§ EXERCISE:
Every record is to be transcribed exactly as written.

§ EXTRACTED RECORDS:
========================
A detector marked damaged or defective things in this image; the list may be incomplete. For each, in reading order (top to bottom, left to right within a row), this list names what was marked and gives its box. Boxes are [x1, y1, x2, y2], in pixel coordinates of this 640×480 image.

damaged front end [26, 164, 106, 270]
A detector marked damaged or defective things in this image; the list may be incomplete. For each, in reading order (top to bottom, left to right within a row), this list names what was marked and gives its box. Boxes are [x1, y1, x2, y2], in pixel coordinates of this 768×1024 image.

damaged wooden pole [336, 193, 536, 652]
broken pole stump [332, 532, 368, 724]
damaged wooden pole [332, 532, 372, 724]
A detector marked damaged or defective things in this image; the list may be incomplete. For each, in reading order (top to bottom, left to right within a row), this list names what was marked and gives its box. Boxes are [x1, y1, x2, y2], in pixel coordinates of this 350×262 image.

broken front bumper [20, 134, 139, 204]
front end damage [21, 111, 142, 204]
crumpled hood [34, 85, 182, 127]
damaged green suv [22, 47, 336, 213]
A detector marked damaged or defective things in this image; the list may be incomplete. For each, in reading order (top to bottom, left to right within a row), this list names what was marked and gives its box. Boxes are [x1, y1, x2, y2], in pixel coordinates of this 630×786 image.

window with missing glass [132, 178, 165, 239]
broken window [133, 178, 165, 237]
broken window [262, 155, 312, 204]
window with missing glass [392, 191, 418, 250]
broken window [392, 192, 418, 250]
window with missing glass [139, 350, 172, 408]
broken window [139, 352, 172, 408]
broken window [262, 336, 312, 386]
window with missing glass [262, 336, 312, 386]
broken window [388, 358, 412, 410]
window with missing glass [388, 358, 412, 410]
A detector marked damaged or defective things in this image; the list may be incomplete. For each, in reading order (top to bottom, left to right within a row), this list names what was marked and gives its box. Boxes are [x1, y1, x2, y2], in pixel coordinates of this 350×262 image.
========================
§ WRITTEN RESPONSE:
A detector marked damaged or defective things in this image; the list may be incomplete. For each, in reading order (top to bottom, left to right within a row), this list names what was marked and gives its box. Boxes are [x1, y1, x2, y2], in pixel coordinates of this 640×480 image.

damaged front end [26, 164, 106, 270]
A detector marked damaged or defective things in this image; the list may be incomplete. For each, in reading order (top to bottom, left to right within a row), this list names what was marked and gives its box. Boxes are [x1, y1, x2, y2], in pixel coordinates of this 768×1024 image.

damaged wooden pole [336, 193, 536, 652]
broken pole stump [332, 532, 368, 724]
damaged wooden pole [332, 532, 372, 724]
A detector marked damaged or defective things in this image; the list may be incomplete. For each, in reading order (top to bottom, left to right within a row), this list names what was marked and gives its box. Boxes are [x1, y1, x2, y2], in pixel coordinates of this 350×262 image.

broken front bumper [20, 134, 139, 204]
front end damage [21, 111, 142, 204]
crumpled hood [34, 85, 182, 127]
damaged green suv [22, 47, 336, 213]
A detector marked damaged or defective things in this image; the list may be incomplete. For each, in reading order (top to bottom, left to right within a row), this list names what was marked and gives its box. Boxes are [x1, y1, x2, y2], in pixel coordinates of this 630×786 image.

window with missing glass [132, 178, 165, 239]
broken window [133, 178, 165, 237]
broken window [262, 155, 312, 204]
window with missing glass [392, 191, 418, 250]
broken window [392, 192, 418, 250]
window with missing glass [139, 350, 172, 408]
broken window [139, 352, 172, 408]
broken window [262, 336, 312, 386]
window with missing glass [262, 336, 312, 386]
broken window [388, 358, 412, 410]
window with missing glass [388, 358, 412, 410]
A detector marked damaged or defective things in this image; the list may be incomplete. For each, in reading order (top to bottom, left to right within a row), this list names what was marked and gives its box. Boxes are [x1, y1, x2, y2], in pixel coordinates of this 350×262 image.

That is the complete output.